__Try it__. Only the lines from the one containing "ULAŞIMDA 43 İLİN" to the end of the data are wanted; print them exactly as they appear.

__Data to process__.
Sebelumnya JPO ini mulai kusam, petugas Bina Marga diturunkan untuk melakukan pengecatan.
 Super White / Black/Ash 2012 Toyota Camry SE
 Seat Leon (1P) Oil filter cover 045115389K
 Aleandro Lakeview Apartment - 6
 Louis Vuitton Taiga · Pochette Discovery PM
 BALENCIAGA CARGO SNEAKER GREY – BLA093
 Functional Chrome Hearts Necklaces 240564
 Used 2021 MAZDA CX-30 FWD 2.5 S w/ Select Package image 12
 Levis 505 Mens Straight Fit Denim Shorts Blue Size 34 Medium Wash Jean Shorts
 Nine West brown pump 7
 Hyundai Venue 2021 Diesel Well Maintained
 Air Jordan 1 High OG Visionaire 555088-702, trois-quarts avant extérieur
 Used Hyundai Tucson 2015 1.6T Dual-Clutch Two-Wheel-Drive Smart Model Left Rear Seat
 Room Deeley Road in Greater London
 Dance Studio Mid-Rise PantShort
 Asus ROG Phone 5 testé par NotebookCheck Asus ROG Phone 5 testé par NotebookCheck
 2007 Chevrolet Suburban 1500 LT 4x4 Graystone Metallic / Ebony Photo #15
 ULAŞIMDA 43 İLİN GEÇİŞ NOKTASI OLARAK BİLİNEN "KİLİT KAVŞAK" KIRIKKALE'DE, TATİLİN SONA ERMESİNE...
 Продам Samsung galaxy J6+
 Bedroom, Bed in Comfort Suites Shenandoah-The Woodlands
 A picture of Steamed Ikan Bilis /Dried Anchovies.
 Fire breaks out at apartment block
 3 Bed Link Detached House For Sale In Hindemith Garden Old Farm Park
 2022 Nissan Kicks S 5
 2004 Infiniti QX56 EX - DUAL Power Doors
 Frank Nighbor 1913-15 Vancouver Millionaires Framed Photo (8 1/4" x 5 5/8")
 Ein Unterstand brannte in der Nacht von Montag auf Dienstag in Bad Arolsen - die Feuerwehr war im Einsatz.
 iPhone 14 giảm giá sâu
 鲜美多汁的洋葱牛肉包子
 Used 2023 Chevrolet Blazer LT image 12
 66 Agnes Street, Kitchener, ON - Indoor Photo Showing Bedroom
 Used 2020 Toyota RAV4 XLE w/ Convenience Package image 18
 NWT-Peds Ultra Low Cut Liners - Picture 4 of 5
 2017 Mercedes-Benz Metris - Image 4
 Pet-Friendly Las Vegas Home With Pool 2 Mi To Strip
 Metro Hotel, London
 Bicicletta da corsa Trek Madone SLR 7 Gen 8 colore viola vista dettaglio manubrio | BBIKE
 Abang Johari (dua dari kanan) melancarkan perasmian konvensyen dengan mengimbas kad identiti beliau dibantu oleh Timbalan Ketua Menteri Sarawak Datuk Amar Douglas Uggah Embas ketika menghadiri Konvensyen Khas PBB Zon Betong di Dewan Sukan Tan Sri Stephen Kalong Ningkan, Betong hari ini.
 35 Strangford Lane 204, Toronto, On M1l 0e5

__Result below__.
 ULAŞIMDA 43 İLİN GEÇİŞ NOKTASI OLARAK BİLİNEN "KİLİT KAVŞAK" KIRIKKALE'DE, TATİLİN SONA ERMESİNE...
 Продам Samsung galaxy J6+
 Bedroom, Bed in Comfort Suites Shenandoah-The Woodlands
 A picture of Steamed Ikan Bilis /Dried Anchovies.
 Fire breaks out at apartment block
 3 Bed Link Detached House For Sale In Hindemith Garden Old Farm Park
 2022 Nissan Kicks S 5
 2004 Infiniti QX56 EX - DUAL Power Doors
 Frank Nighbor 1913-15 Vancouver Millionaires Framed Photo (8 1/4" x 5 5/8")
 Ein Unterstand brannte in der Nacht von Montag auf Dienstag in Bad Arolsen - die Feuerwehr war im Einsatz.
 iPhone 14 giảm giá sâu
 鲜美多汁的洋葱牛肉包子
 Used 2023 Chevrolet Blazer LT image 12
 66 Agnes Street, Kitchener, ON - Indoor Photo Showing Bedroom
 Used 2020 Toyota RAV4 XLE w/ Convenience Package image 18
 NWT-Peds Ultra Low Cut Liners - Picture 4 of 5
 2017 Mercedes-Benz Metris - Image 4
 Pet-Friendly Las Vegas Home With Pool 2 Mi To Strip
 Metro Hotel, London
 Bicicletta da corsa Trek Madone SLR 7 Gen 8 colore viola vista dettaglio manubrio | BBIKE
 Abang Johari (dua dari kanan) melancarkan perasmian konvensyen dengan mengimbas kad identiti beliau dibantu oleh Timbalan Ketua Menteri Sarawak Datuk Amar Douglas Uggah Embas ketika menghadiri Konvensyen Khas PBB Zon Betong di Dewan Sukan Tan Sri Stephen Kalong Ningkan, Betong hari ini.
 35 Strangford Lane 204, Toronto, On M1l 0e5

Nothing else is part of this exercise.